POLİSLERE PARA CEZASI
Yıldız’ın aile avukatı ve İnsan Hakları Derneği (İHD) İstanbul Şubesi Başkanı Gülseren Yoleri de Murat Yıldız’ın 1995 yılında annesi ve avukatıyla birlikte ifade için karakola gittiğini hatırlattı. Yoleri, "Murat’ın İstanbul’a götürülürken feribottan atlayarak kaçtığı" söylendiğini anımsattı. Anne Yıldız’ın Cumhuriyet Savcılığına başvurarak oğlunun bulunmasını istediğini söyleyen Yoleri, "Yıllarca savcılık tarafından dava dosyasının açıldığını sandı fakat sadece 2 polis memuru hakkında bir dava açılmıştı. O dava da 'görevi ihmal' suçlamasıyla açılmış para cezası verilerek kapatılmıştı" diye belirtti.
TAKİPSİZLİK
2015 yılında savcılık dosyasındaki gelişmeleri öğrenebilmek için anne Yıldız’ın başvuru yaptığını belirten Yoleri, "Ancak etkili ve etkin bir soruşturma yürütülmedi. 2 yıl sonra dosyaya takipsizlik kararı verildi. Karara itiraz ve Anayasa Mahkemesi’ne yapılan başvurularda sonuç alınamadı" dedi. "Murat 27 yıldır hala kayıp" diyen Yoleri, "Murat’ı aramaktan, onun akıbetini öğrenme çabasından annesi vazgeçmedi. Murat’ı bulana kadar bu mücadele devam edecek" ifadelerini kullandı.

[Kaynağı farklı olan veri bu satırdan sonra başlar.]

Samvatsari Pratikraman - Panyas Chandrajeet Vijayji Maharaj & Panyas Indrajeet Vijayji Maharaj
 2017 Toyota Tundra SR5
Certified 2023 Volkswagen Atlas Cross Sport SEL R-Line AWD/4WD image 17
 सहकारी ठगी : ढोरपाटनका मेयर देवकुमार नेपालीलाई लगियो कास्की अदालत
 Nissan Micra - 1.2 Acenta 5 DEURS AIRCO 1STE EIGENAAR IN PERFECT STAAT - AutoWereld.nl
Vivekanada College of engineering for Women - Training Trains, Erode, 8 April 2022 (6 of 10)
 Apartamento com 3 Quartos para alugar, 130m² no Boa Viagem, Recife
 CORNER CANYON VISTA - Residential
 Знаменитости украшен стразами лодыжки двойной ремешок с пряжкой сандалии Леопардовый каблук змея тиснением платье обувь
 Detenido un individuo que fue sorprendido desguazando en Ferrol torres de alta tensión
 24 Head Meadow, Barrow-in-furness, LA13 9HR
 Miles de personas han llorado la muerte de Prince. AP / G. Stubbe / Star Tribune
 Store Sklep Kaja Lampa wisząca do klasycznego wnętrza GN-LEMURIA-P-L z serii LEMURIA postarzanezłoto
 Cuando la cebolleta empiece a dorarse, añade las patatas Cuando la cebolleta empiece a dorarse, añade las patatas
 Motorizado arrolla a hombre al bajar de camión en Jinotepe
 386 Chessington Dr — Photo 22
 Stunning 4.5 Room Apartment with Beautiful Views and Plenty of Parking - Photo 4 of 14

CUMARTESİ ANNELERİ'NE KATILDI
Basın metnini Murat Yıldız’ın kuzeni Ezgi Yıldız okudu. "Yaşama hakkının varlık nedeni, insanı doğal olmayan ölüme karşı korumaktır" diyen Yıldız, devletin doğal olmayan her ölüm olayını araştırmakla yükümlü olduğunu vurguladı. Yıldız, 882’inci haftada 27 yıldır hukukun uygulanmadığı Murat Yıldız dosyasında adaletin sağlanması taleplerini haykırdıklarını ifade etti. Yıldız’ın annesi ve avukatıyla İzmir Bornova Özkanlar Asayiş Şubesi’ne giderek Komiser Ramazan Kaya ile polis memuru Tahir Şerbetçi’ye teslim olduğunu anımsatan kuzen Yıldız, "Murat’tan bir daha haber alınamadı. Hanife Yıldız İstanbul’a gelerek Cumartesi Anneleri’ne katıldı" dedi.
DEVLETİN GÖREVİ
"Kamu görevlilerinin sorumlulukları altında meydana gelen ölümler veya kaybetmelerde suça karışanların hesap vermelerini sağlamak devletin görevidir" diyen Yıldız, Murat Yıldız’ın gözaltında kaybettirilmesi olayında yürütülen adli sürecin maddi gerçeğinin açığa çıkmadığına vurgu yaptı. Yıldız, son olarak mahkemenin verdiği karara da değinerek, şöyle konuştu: "Mahkemenin verdiği karar yaşam hakkını koruyan ulusal ve uluslararası hukukun ihlali suretiyle verildi. Bu yüzden Anayasa Mahkemesi dosyada devam eden ihlali ortadan kaldırmak için yeniden yargılama yolunu açmalıdır."
32 KURŞUNLA KATLEDİLEN BARUT'UN FAİLLERİ 28 YILDIR BULUNMADI
İnsan Hakları Derneği (İHD) Diyarbakır Şubesi ve kayıp yakınları, gözaltında kaybedilenlerin akıbetlerinin ortaya çıkarılması ve faili meçhul cinayete kurban giden kişilerin faillerinin bulunması talebiyle 680'inci kez Koşuyolu Parkı'nda bulunan Yaşam Hakkı Anıtı önünde bir araya geldi. "Kayıplar bulunsun, failler yargılansın" talebiyle bir araya gelen aileler, yakınlarının fotoğraflarını taşıdı.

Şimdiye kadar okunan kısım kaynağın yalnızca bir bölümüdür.